(Recorded data)
———

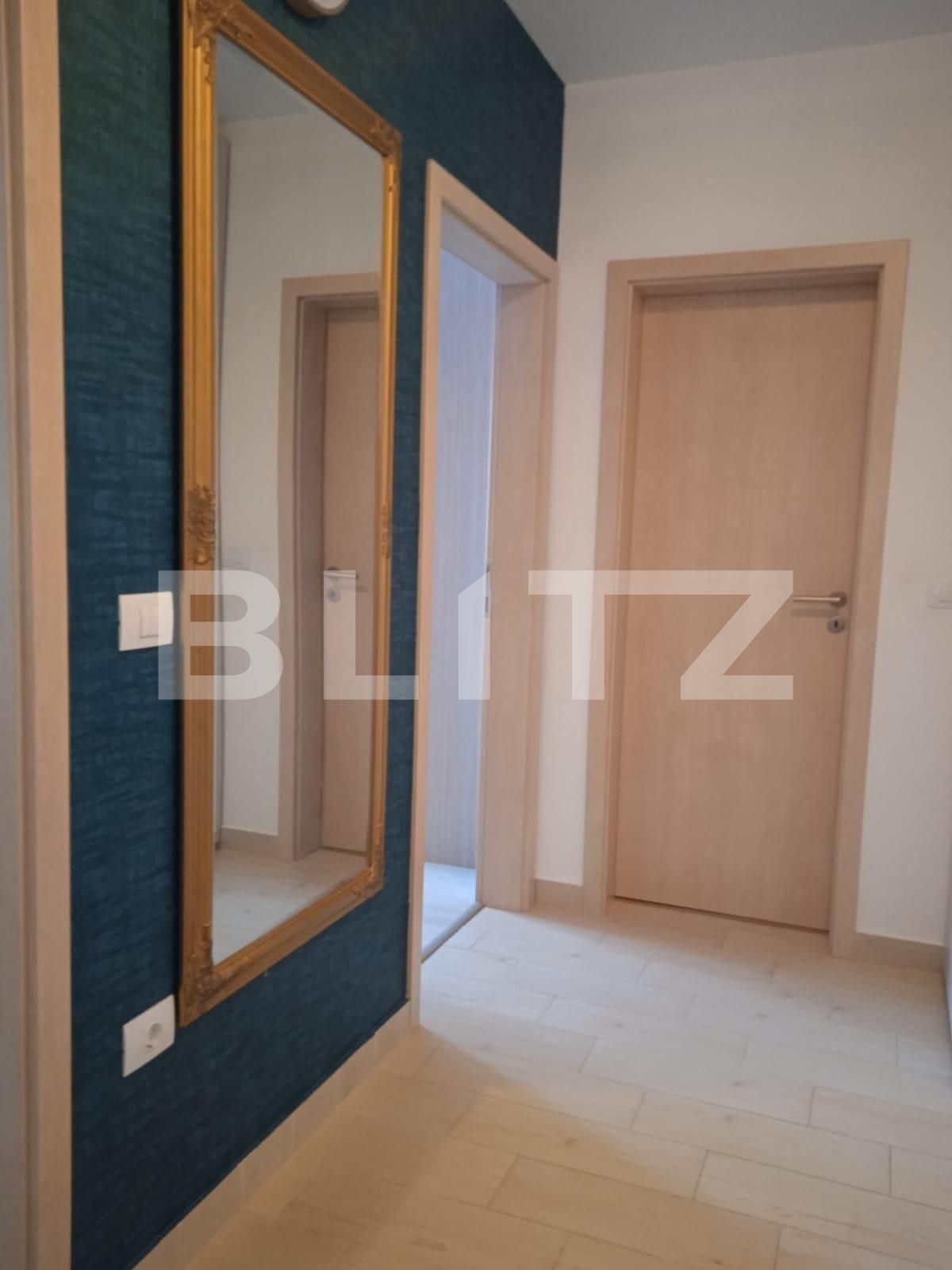 Apartament de închiriat 2 camere Tractorul - 67434AI | BLITZ Brașov | Poza16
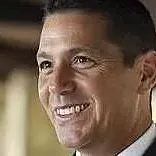 Dustin Donate Life Insurance Agent Irvine, CA 92614 Dustin Donate Life Insurance Agent Irvine, CA 92614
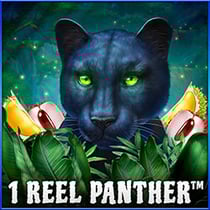 1 Reel Panther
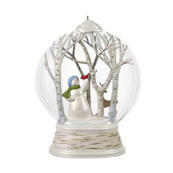 Woodland-wonderland-christmas-keepsake-ornaments-qxg3251_173_1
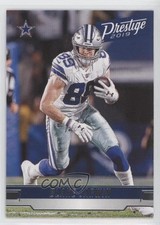 2019 Panini Prestige Blake Jarwin #184 05m4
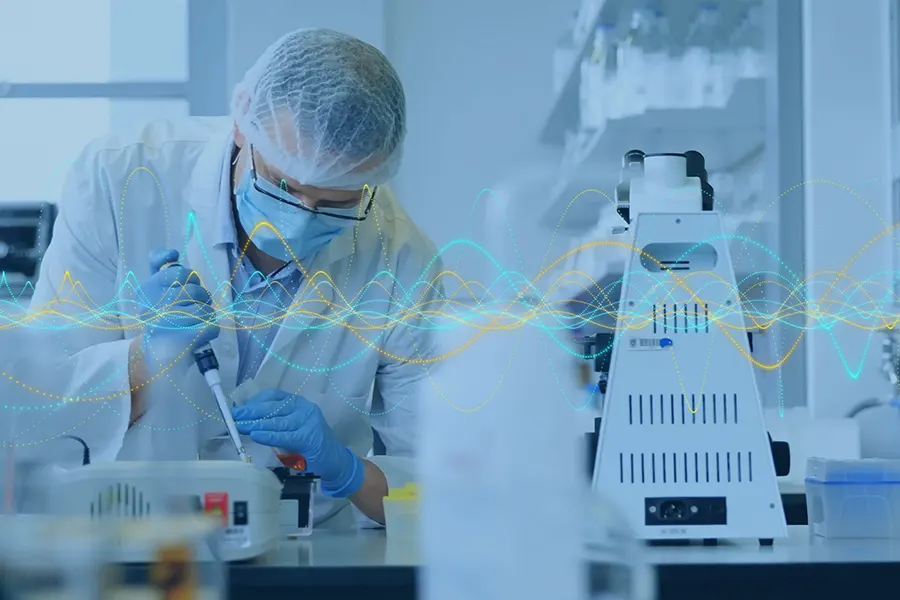 过滤器制造 & 右&D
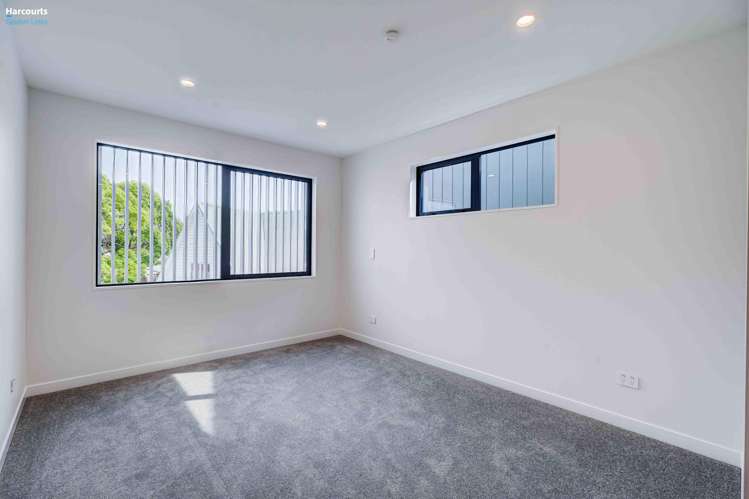 Lot 3/7 Alma Road Milford_16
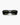 PERSOL PO3386S - 95/31
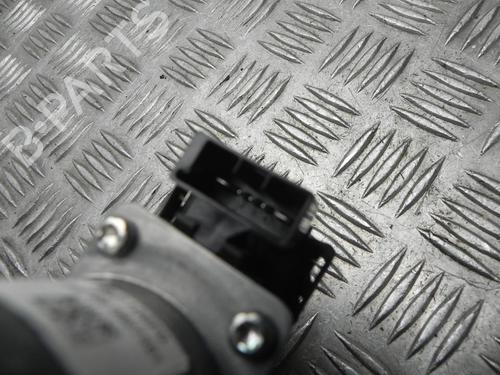 Electronic module TESLA MODEL 3 (5YJ3) EV AWD | BP37545619M83 - Image 5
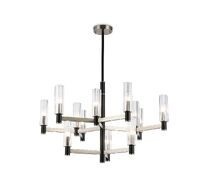 Потолочная люстра на штнаге Ambrella Light Heigh Light HIGH LIGHT LH55505_AMB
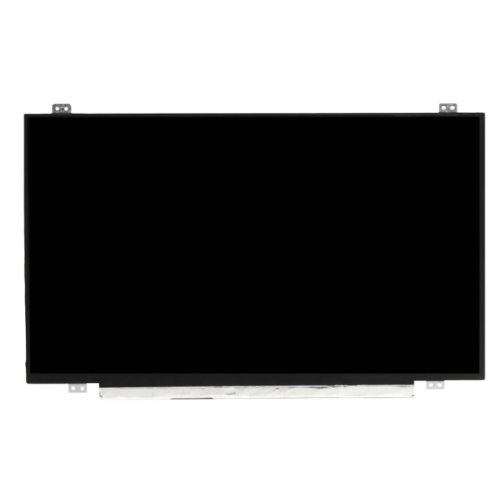 Thay màn hình OLED cảm ứng laptop HP Envy X360 13AY chính hãng GENA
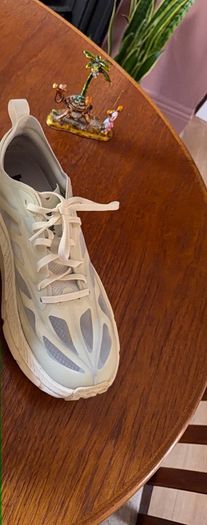 Hoka sneaker Trainers 7.5 UK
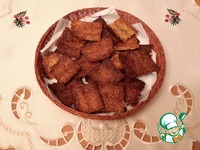 ���������� ������ � ��������� �����������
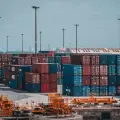 PSA SICAL Royalty Dispute Referred to Conciliation Committee.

———

• [Task description]: Beginning at the line that contains "1 Reel Panther", copy each remaining line of the records exactly, through the final one. Omit the pictures.

• [Expected answer]:
 1 Reel Panther
 Woodland-wonderland-christmas-keepsake-ornaments-qxg3251_173_1
 2019 Panini Prestige Blake Jarwin #184 05m4
 过滤器制造 & 右&D
 Lot 3/7 Alma Road Milford_16
 PERSOL PO3386S - 95/31
 Electronic module TESLA MODEL 3 (5YJ3) EV AWD | BP37545619M83 - Image 5
 Потолочная люстра на штнаге Ambrella Light Heigh Light HIGH LIGHT LH55505_AMB
 Thay màn hình OLED cảm ứng laptop HP Envy X360 13AY chính hãng GENA
 Hoka sneaker Trainers 7.5 UK
 ���������� ������ � ��������� �����������
 PSA SICAL Royalty Dispute Referred to Conciliation Committee.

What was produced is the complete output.